These are the key concepts you need to understand to accurately answer the question.

Standard Form of a Circle
In mathematics, understanding the equation of a circle is crucial for graphing and analyzing circular shapes. The standard form of a circle's equation provides a simple way to identify a circle's geometric properties directly from the equation. The standard form of a circle is written as \((x-h)^2 + (y-k)^2 = r^2\).
Here are the components involved:
  • \((h, k)\) represents the coordinates of the circle's center.
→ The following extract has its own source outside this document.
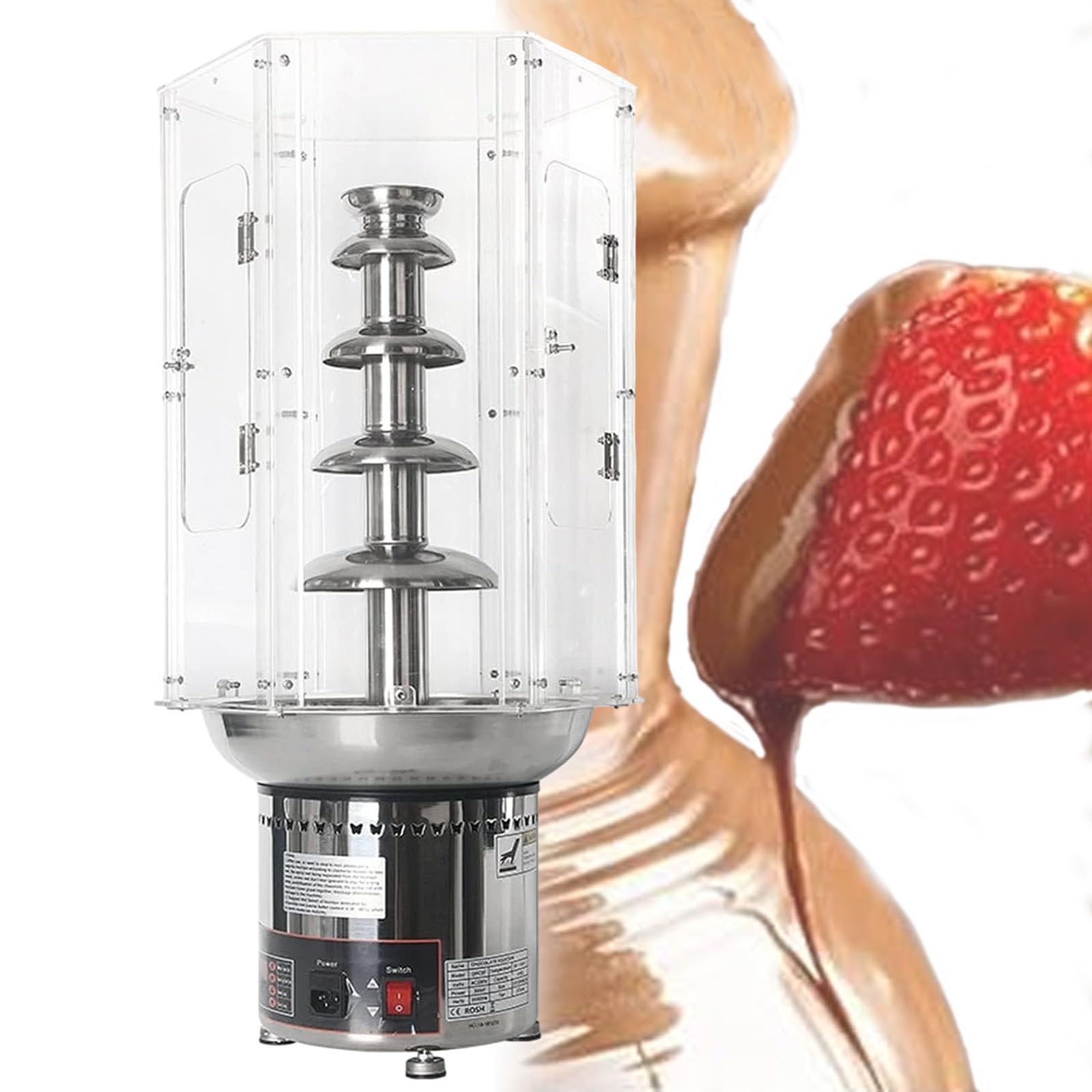 ASerZenith Chocolate Fondue Fountain Machine Cover, Dipping Melting Waterfall Chocolate Fountain Cover,For Parties, Cafeterias,5Tiers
  • \(r\), the radius, is the distance from the center to any point on the circle.
This format makes it easy to pinpoint the circle's center and radius just by inspection. It's a powerful and intuitive way to bring a circle's algebraic equation to life in a geometrical form. Whenever you encounter a circle equation, rearrange it to match this standard format to make it easier to work with.
Center of a Circle
The center of a circle is a crucial point that lies exactly in the middle of the circle. It is denoted by the coordinate pair \((h, k)\) in the standard circle equation \((x-h)^2 + (y-k)^2 = r^2\).
Finding the center from a standard-form equation is straightforward.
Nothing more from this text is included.